"""
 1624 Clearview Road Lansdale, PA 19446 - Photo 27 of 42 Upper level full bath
"""
"""
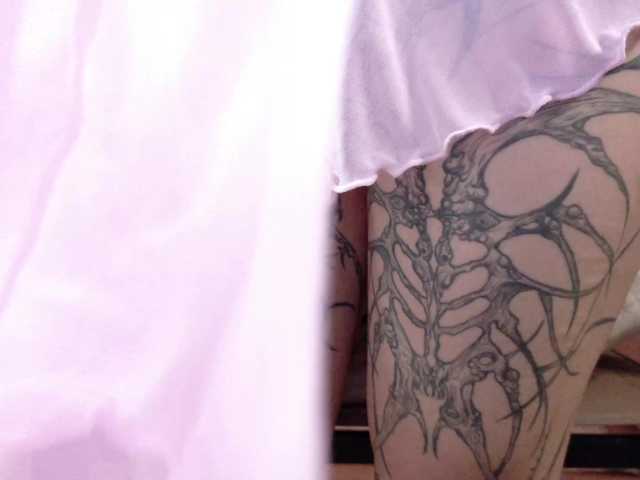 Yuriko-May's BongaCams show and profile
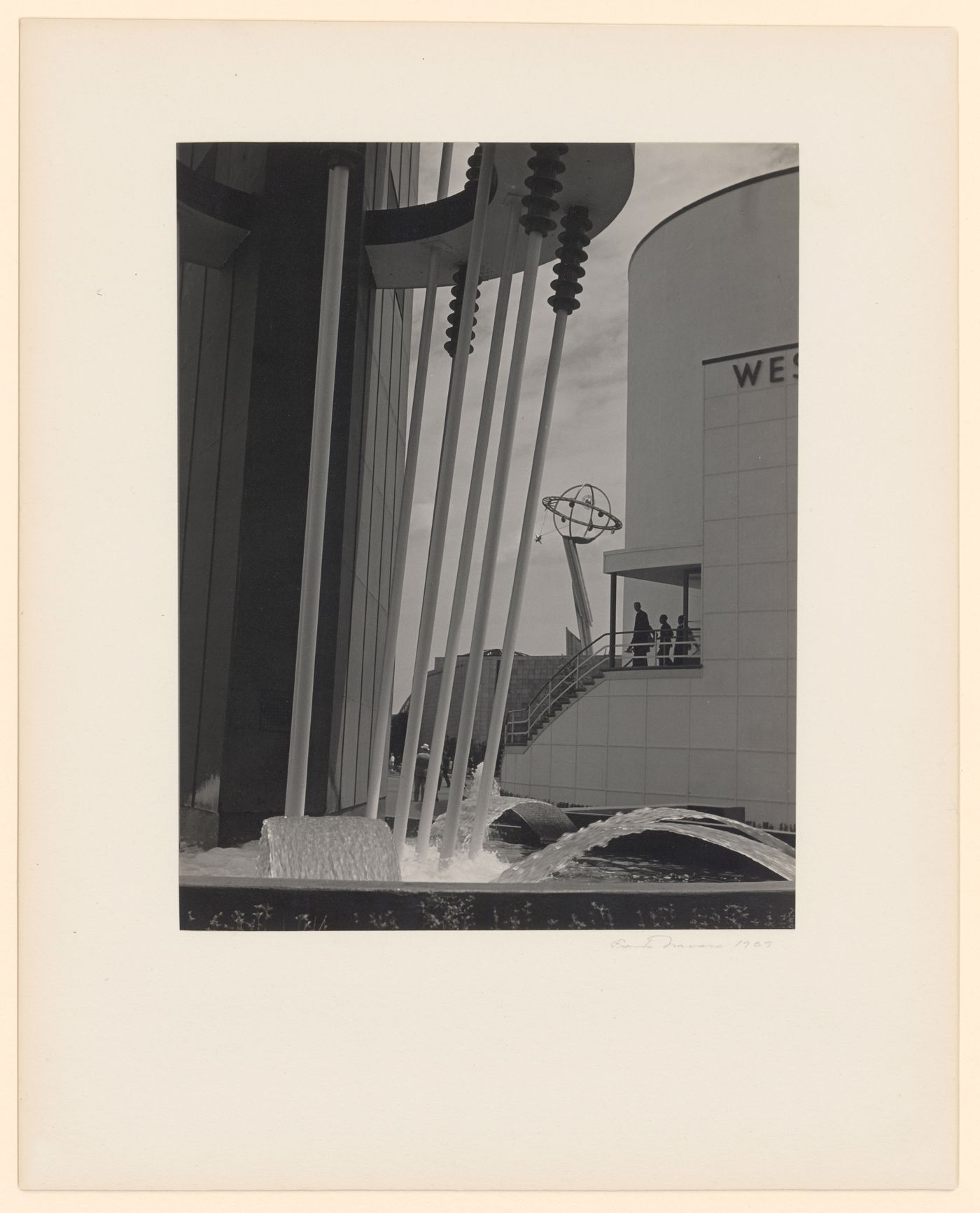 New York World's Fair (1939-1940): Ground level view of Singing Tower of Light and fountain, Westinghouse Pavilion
"""
AIM OF THE TASK: Using the data above, print only the lines starting at the one with "Yuriko-May's BongaCams show and profile" and ending at the one with "New York World's", exactly as they stand, minus the pictures.

ANSWER TO THE EXERCISE:
 Yuriko-May's BongaCams show and profile
 New York World's Fair (1939-1940): Ground level view of Singing Tower of Light and fountain, Westinghouse Pavilion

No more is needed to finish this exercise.